Il y a, ce me semble, un moyen de prévenir pour toujours cet inconvénient, sans que les seigneurs puissent se plaindre. Il suffirait d'ordonner que, lorsque le prix des grains serait monté plus haut que la moitié en sus du prix moyen des dix dernières années, la rente ne pourrait être exigée qu'en argent, et ne pourrait l'être sur un pied plus fort que le prix moyen en y ajoutant la moitié en sus. Ainsi, en supposant que le prix moyen du froment soit de 20 livres le setier de Paris, lorsqu'il montera à plus de 30 livres à l'époque de l'échéance, le censitaire ne pourra être tenu de payer qu'en argent et sur le pied de 30 livres le setier. Je crois que personne ne

pourrait se plaindre de cette fixation, qui laisserait le seigneur et le censitaire profiter tour à tour de toute l'étendue des variations que le cours naturel d'un commerce libre peut apporter au prix des grains. Un prix plus fort passe cette limite, et peut être regardé comme une circonstance extraordinaire et comme un commencement de disette. Or, dans les temps de disette, il est humain et même juste que la loi vienne au secours du censitaire accablé de tous côtés : le propriétaire de la rente, que la cherté enrichit, ne pourrait, sans montrer une avidité odieuse, prétendre tirer de la cruelle circonstance où se trouve son tenancier un profit encore plus exorbitant. C'est à votre prudence, Monseigneur, à peser les avantages que je crois voir dans la loi que je prends la liberté de vous proposer.

Dans le cas où vous vous y détermineriez, je ne crois pas qu'il fût nécessaire d'y insérer la modification dont j'ai eu l'honneur de vous parler relativement aux rentes assises sur des moulins. Cet objet, envisagé sous le point de vue d'une loi générale, me paraît perdre de son importance, et ne pas mériter qu'on rende la loi plus compliquée par une exception. On doit prévoir que, par une suite de la liberté rendue au commerce des grains, l'usage de payer les meuniers en nature s'abrogera, et qu'on y substituera celui de les payer en argent. Alors leur sort ne sera point amélioré par la cherté des grains, et il n'y aura aucune raison de les traiter plus défavorablement que les autres censitaires.

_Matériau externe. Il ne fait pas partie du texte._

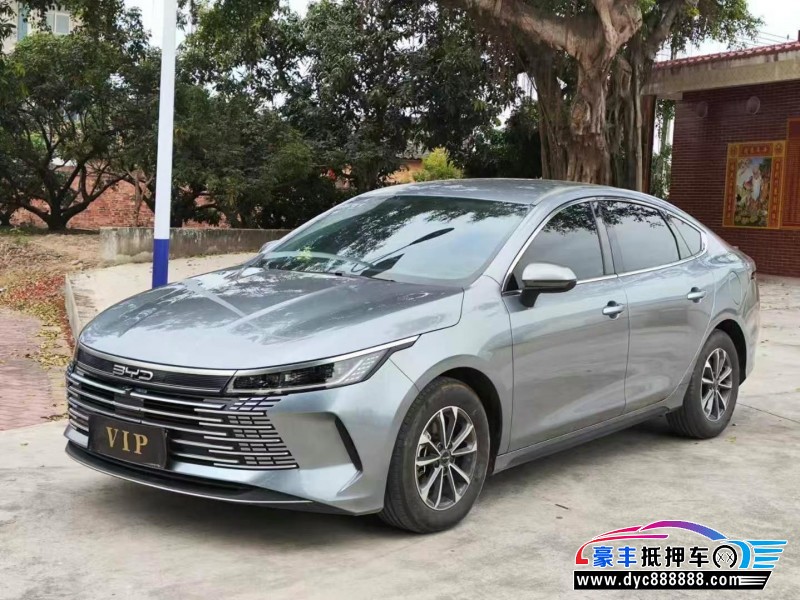 23年比亚迪驱逐舰轿车抵押车出售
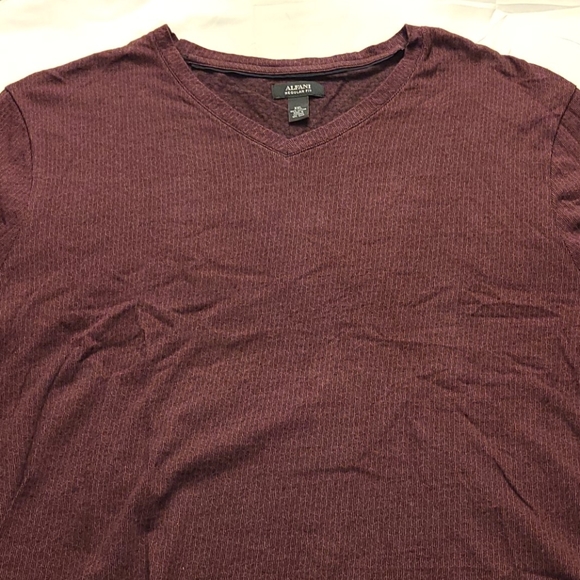 Alfani long-sleeve V-neck fire red tee - Picture 3 of 16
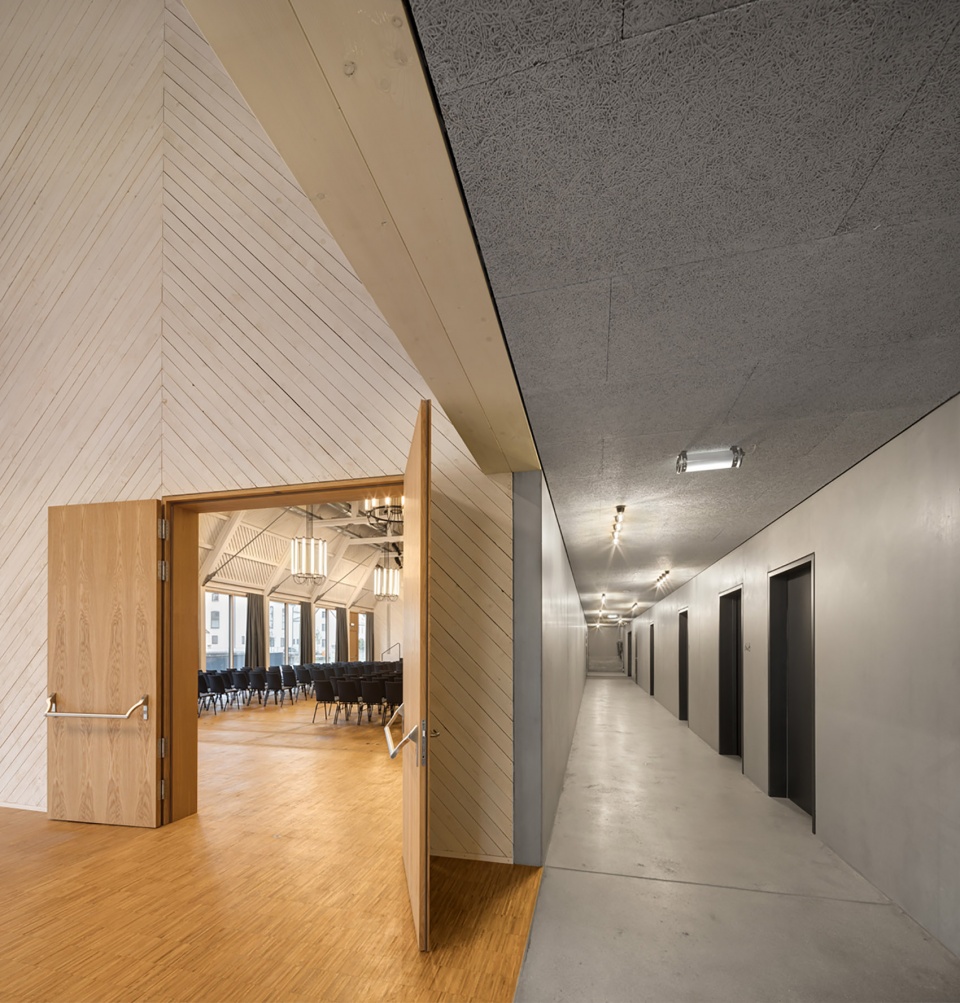 Kulturhalle Christoph Willibald Gluck by KÜHNLEIN Architektur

Mais il serait toujours indispensable de joindre aux deux dispositions qui composeraient la loi générale, une disposition particulière relative au moment actuel, pour annuler, ainsi que l'a fait le l'arlement de Bordeaux, tous les actes déjà faits depuis la cherté de 1769, afin d'obliger les censitaires à payer sur le pied de l'excessive valeur actuelle des grains.

Si vous vous bornez à une déclaration particulière, momentanée et locale, il paraît juste de l'étendre aux provinces qui ont souffert cette année de la disette. Je ne suis pas assez instruit de l'état des provinces circonvoisines pour pouvoir vous tracer la limite des cantons affligés; mais sans doute les Avis que les différents intendants ont envoyés à M. le contrôleur-général vous donneront toutes les Jumières que vous pourrez désirer sur ce point de fait.

Je suis avec respect, Monseigneur, etc.